The struggle for some small practices is reaching the tipping point since even one person presenting resistance can seem like a monumental barrier. Imagine one doubles tennis partner refusing to hit the ball. To overcome this challenge, a new culture must be intentionally grown with more input and consensus from all members using frequent check-ins and one-on-one conversations.
Even though small practices feel like they don’t have the staff or space to implement certain improvements, and that might be true, they do have the advantage of testing creative change in a more agile environment.
What is the best way to challenge those who are resistant to Sharing the Care?

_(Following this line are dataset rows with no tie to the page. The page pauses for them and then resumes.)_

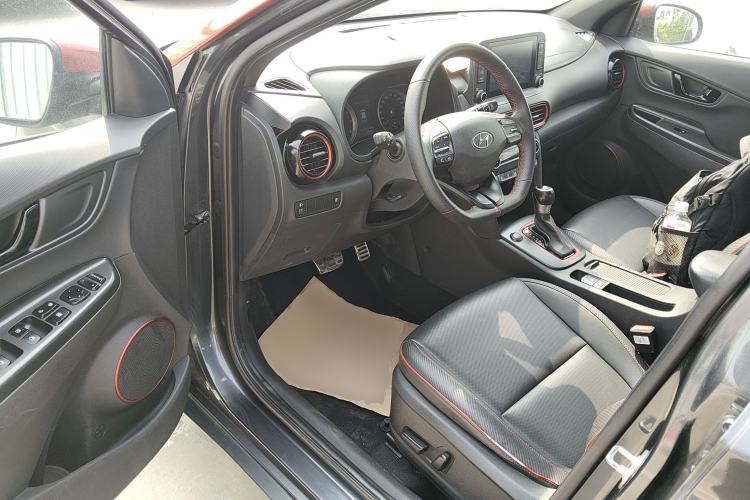 Used Hyundai ENCINO 2018 1.6T Dual-Clutch ZhiPao Edition China V Standard Driver Seat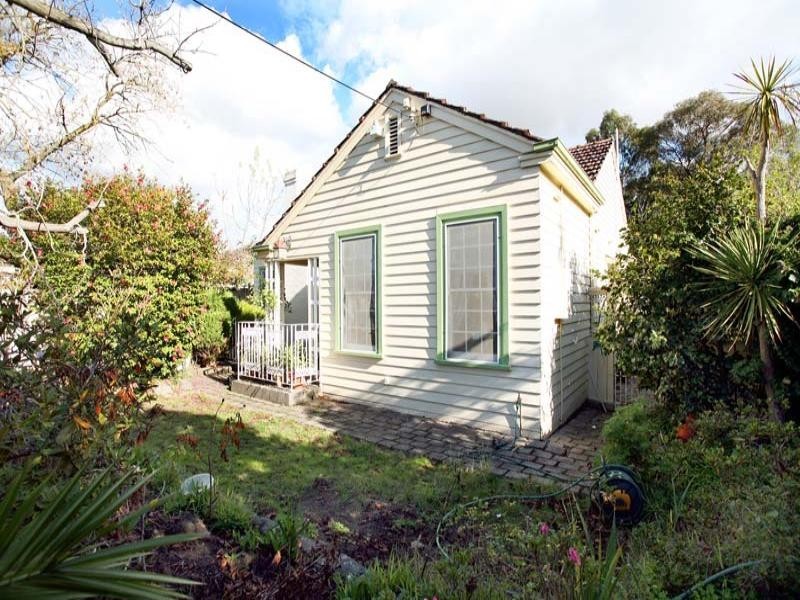 18 Queen Street, Blackburn VIC 3130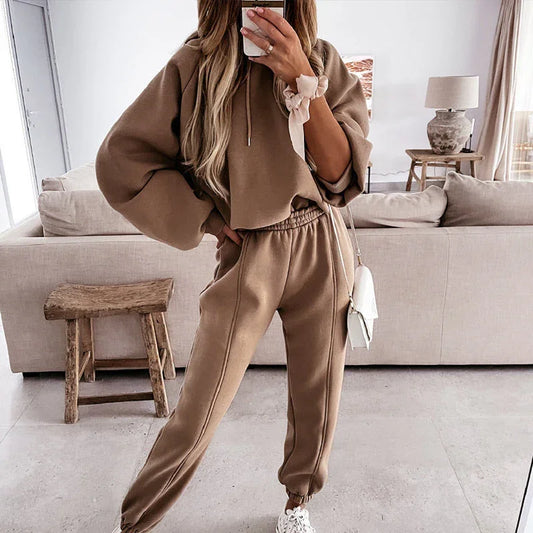 Women's Oversized Hoodie and High-Waist Joggers Set - Soft and Cozy Loungewear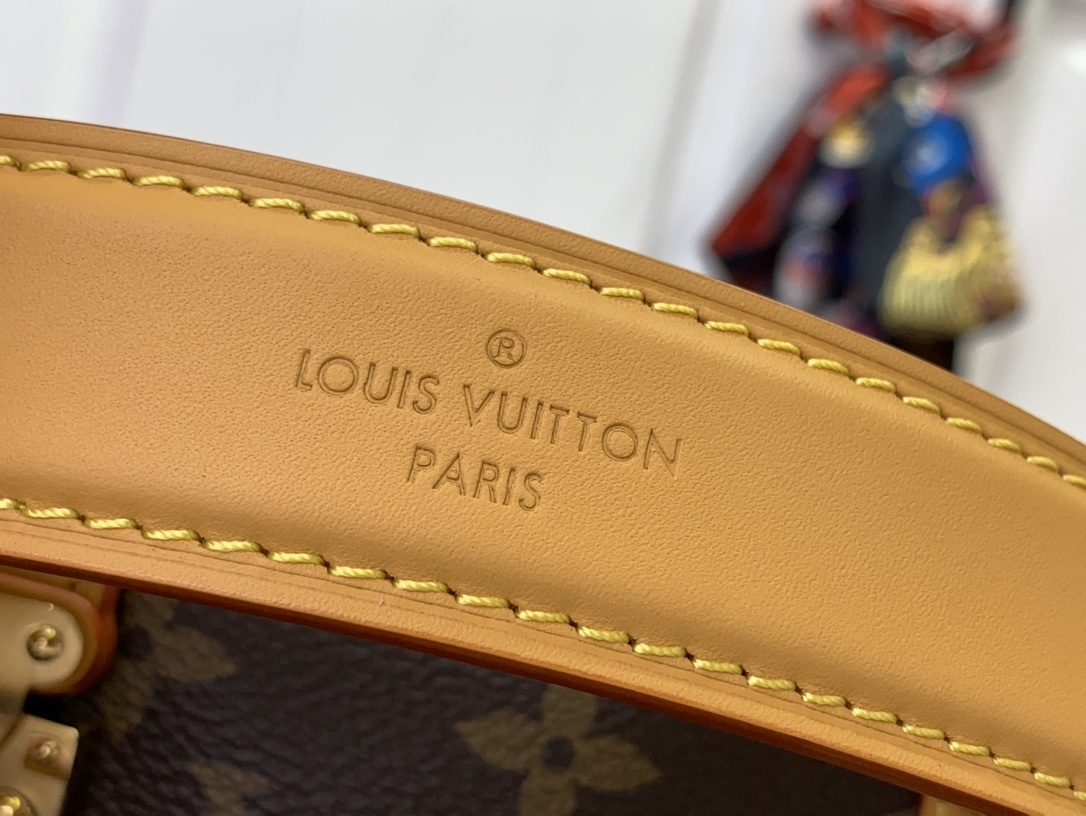 LV Shoulder bag M83018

I wouldn’t challenge them – I would engage them! We have conversations about what it is, how it works, and what it could mean for them. Change is scary and I would want to know what they are nervous about and figure out how we can alleviate their fears while making progress.
If primary care leaders read one article or book on team-based care, what should it be?
I highly recommend Switch: How to Change Things When Change Is Hard by Chip and Dan Heath.
What advice do you have for practices struggling with team-based care?
You are not alone, in fact, you are in good company! Clinics successfully implementing team-based care have struggled for years to overcome challenges and change their culture. Furthermore, these clinics know that there is no end to the process. The improvement effort is on-going but hopefully less exhausting as the desired culture, protocols and processes are in place. It takes time, conversations and relentlessness. Be patient. Stay positive.
The best advice is to visit a site that is doing team-based care successfully so you can see it in action!
Kate Elliott is the program director for the Patient-Centered Primary Care Institute, managed by the Oregon Health Care Quality Corporation.